DATA SHOWN.
--

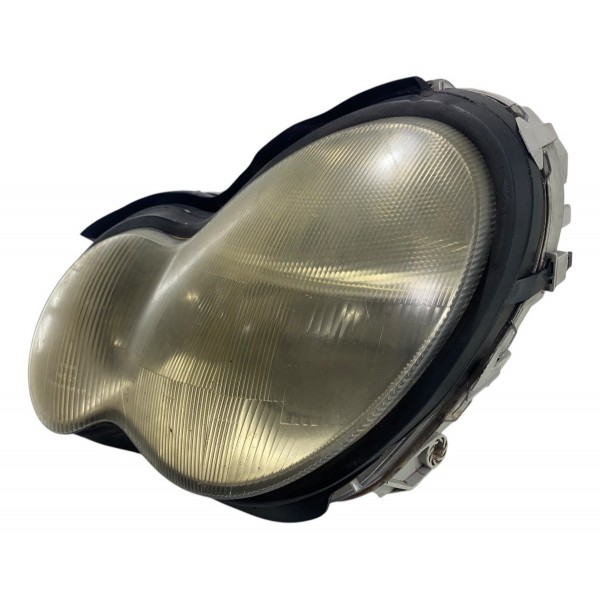 Farol Lado Esquerdo Mercedes C180 C200 2002 A 2005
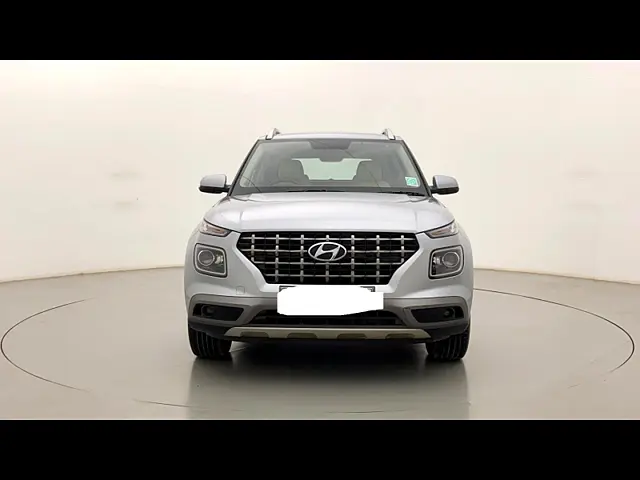 Used 2019 Hyundai Venue in Bangalore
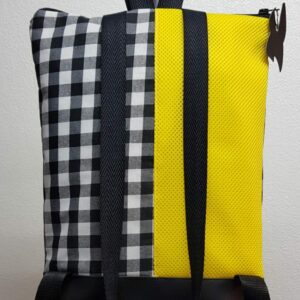 Mochila pamplona Horiavichy espalda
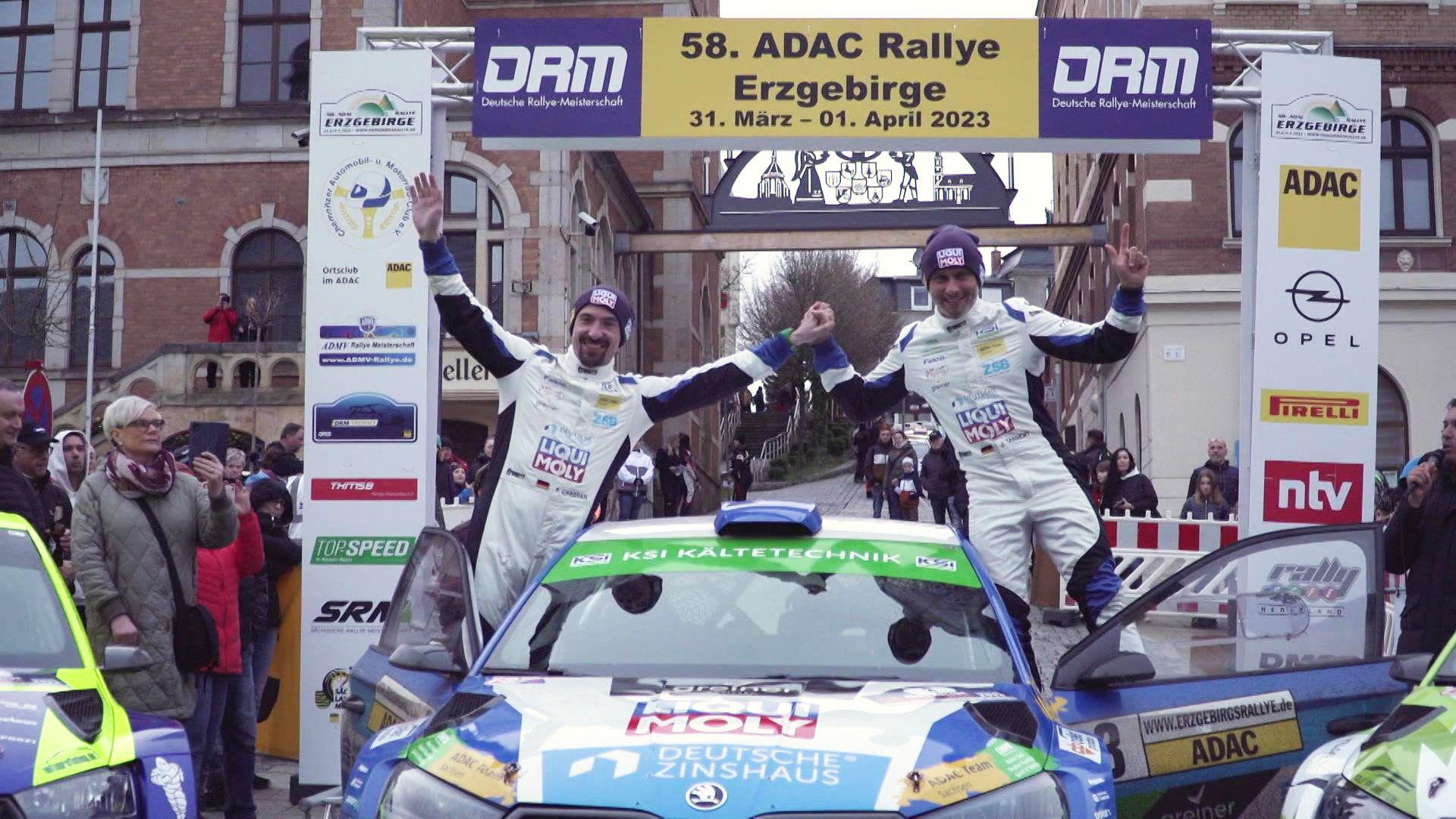 Deutsche Rallye Meisterschaft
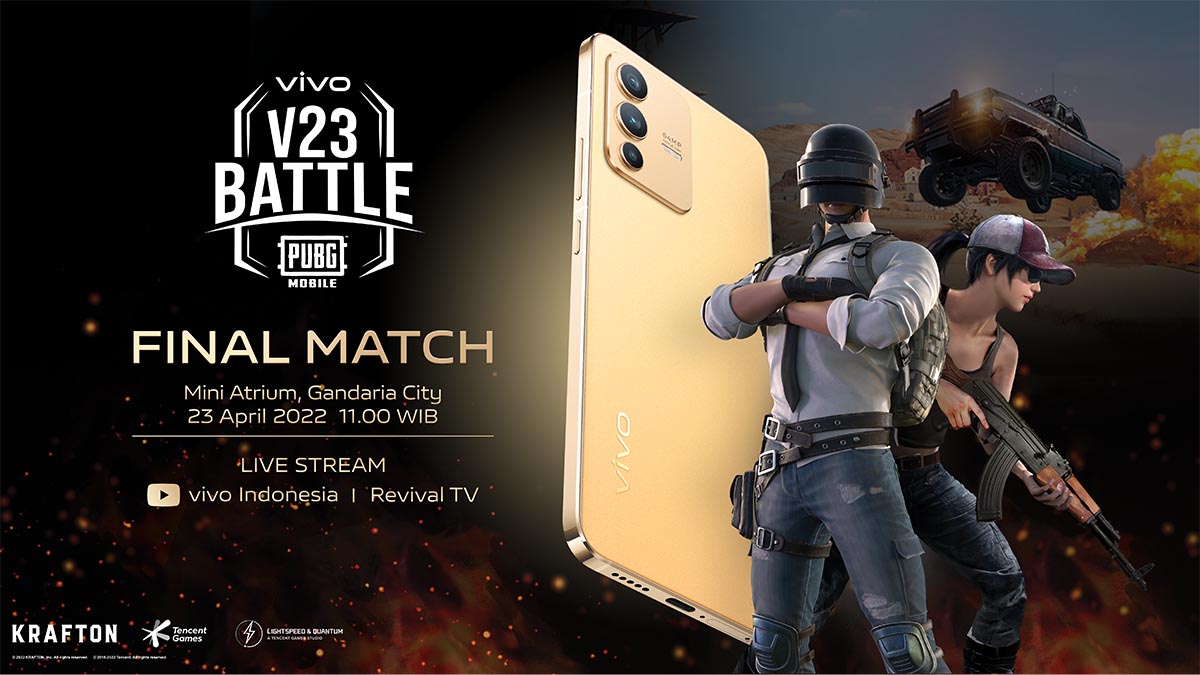 PUBG MOBILE Battle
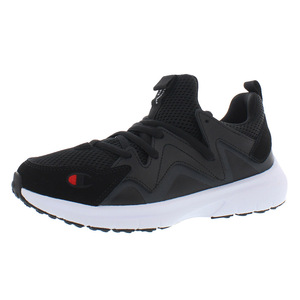 Zapatos Champion Ripple A para Niño, Color: Negro, 100% Auténticos - Product Image 1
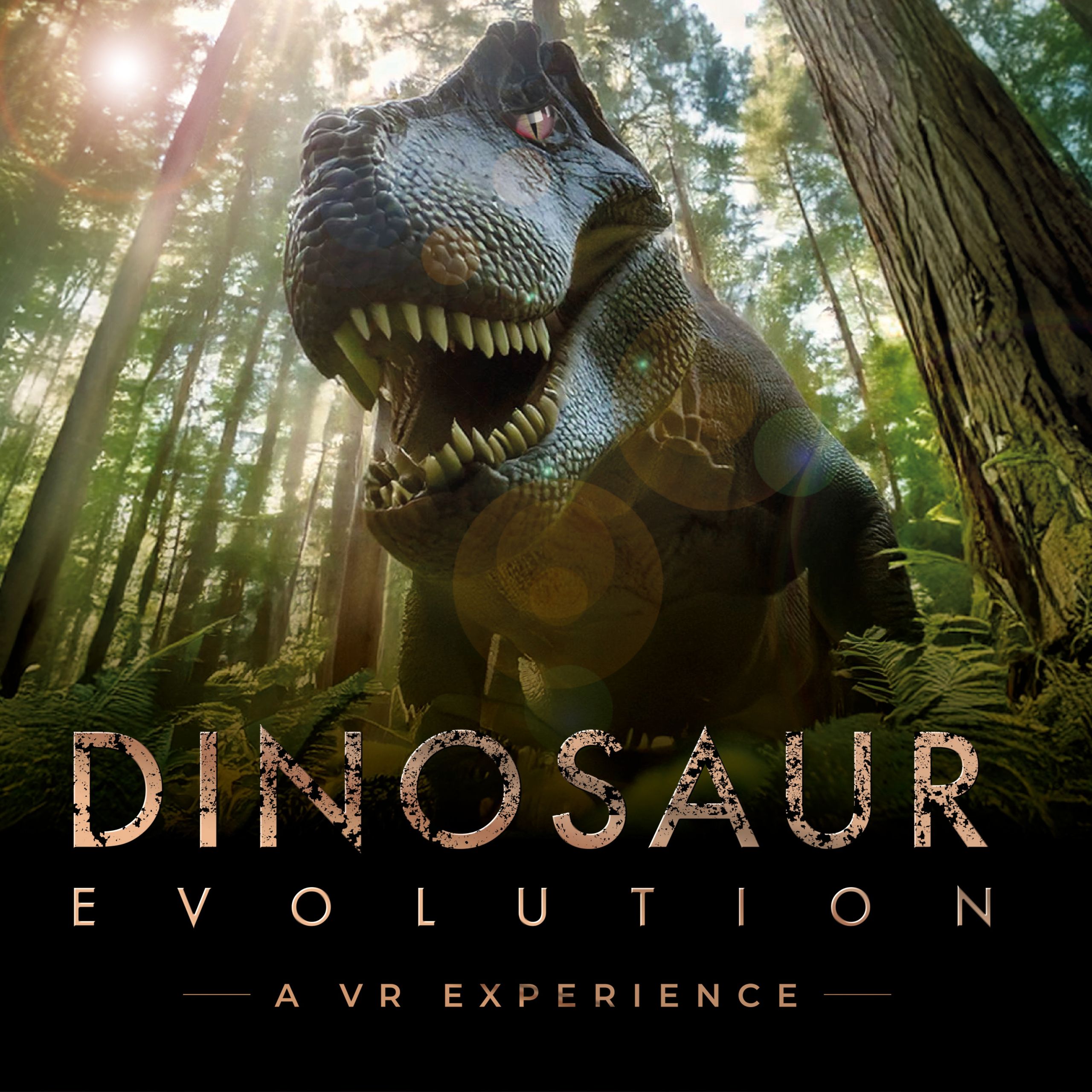 Dinosaur Evolution VR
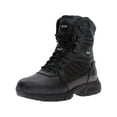 thumbnail image 1 of Magnum Response III 8.0 Side Zip Waterproof 400  Tactical Boots 5215 - Black, Size 9.5, 1 of 4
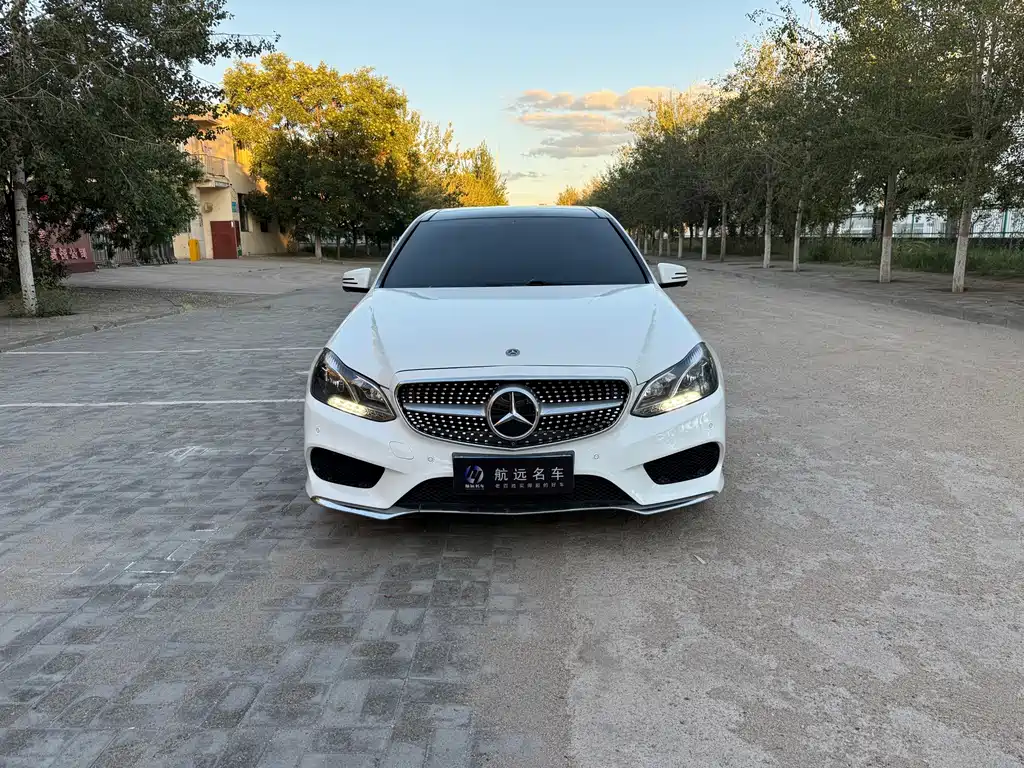 Mercedes-Benz E-Class 2016 — фото 2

--

Leave the images out and print each entry exactly.

EXERCISE SOLUTION.
 Farol Lado Esquerdo Mercedes C180 C200 2002 A 2005
 Used 2019 Hyundai Venue in Bangalore
 Mochila pamplona Horiavichy espalda
 Deutsche Rallye Meisterschaft
 PUBG MOBILE Battle
 Zapatos Champion Ripple A para Niño, Color: Negro, 100% Auténticos - Product Image 1
 Dinosaur Evolution VR
 thumbnail image 1 of Magnum Response III 8.0 Side Zip Waterproof 400  Tactical Boots 5215 - Black, Size 9.5, 1 of 4
 Mercedes-Benz E-Class 2016 — фото 2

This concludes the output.